Financial capital maintenance in nominal monetary units per se during inflation and deflation is impossible. It is a very popular accounting fallacy not yet extinct. It was originally authorized by the IASB in IFRS in the Framework (1989), Par 104 (a). It is authorized by the US FASB. It is based on the 3000 years old stable measuring unit assumption under which changes in the purchasing power of money are not considered as sufficiently important to require financial capital maintenance in units of constant purchasing power. It is assumed, in principle, that money is perfectly stable in real vale for the purpose of valuing balance sheet constant items, variable items required to be valued at Historical Cost in terms of IFRS and all items in the income statement. It is a generally accepted accounting practice. It is the concept of capital maintenance and one of the measurement bases used in traditional Historical Cost Accounting implemented worldwide. It is an accounting fallacy that costs the world economy hundreds of billions of US Dollars per annum in existing constant real non–monetary value unknowingly, unnecessarily and unintentionally eroded in constant items by the implementation of the very erosive stable measuring unit assumption. IFRS should not be based on accounting fallacies.
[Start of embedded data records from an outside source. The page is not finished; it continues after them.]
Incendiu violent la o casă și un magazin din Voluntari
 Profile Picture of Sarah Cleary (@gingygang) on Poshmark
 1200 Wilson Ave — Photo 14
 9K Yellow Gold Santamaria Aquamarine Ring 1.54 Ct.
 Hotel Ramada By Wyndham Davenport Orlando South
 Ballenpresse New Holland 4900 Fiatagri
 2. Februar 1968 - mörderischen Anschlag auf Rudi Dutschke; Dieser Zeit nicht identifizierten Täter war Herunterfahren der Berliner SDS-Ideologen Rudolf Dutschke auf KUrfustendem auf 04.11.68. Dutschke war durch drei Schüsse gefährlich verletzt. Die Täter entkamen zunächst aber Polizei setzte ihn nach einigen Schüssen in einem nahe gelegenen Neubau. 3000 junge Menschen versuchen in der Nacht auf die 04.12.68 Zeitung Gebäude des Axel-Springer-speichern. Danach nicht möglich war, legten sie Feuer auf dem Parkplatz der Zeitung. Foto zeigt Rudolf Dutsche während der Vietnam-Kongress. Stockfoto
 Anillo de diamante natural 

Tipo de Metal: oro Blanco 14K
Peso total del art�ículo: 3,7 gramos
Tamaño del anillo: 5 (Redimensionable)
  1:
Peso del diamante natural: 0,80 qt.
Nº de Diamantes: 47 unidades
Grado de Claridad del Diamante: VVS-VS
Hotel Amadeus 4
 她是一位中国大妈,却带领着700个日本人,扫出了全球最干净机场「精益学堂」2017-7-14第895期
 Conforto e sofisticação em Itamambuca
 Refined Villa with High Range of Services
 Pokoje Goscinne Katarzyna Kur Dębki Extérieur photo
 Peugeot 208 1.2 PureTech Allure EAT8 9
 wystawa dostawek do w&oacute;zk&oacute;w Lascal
Financial capital maintenance in nominal monetary units during inflation is only possible in entities that continuously invest at least 100% of the updated real value of shareholders´ equity in revaluable fixed assets (revalued or not) with an equivalent updated fair value.
Continuous financial capital maintenance in units of constant purchasing power automatically maintains the constant purchasing power of capital constant for an indefinite period of time in all entities that at least break even during inflation and deflation – ceteris paribus – by applying the CIPPA model. The daily parallel US Dollar (or other hard currency) exchange rate or a daily Brazilian-style index rate is continuously applied in the valuation of all non–monetary items (variable and constant items) during hyperinflation (Constant Purchasing Power Accounting) which results in maintaining the real or non–monetary economy relatively – not absolutely – stable. The constant item economy in a hyperinflationary economy is still subject to real value erosion at a rate equal to the annual inflation rate applicable to the hard currency (normally the US Dollar) used in supplying the parallel rate.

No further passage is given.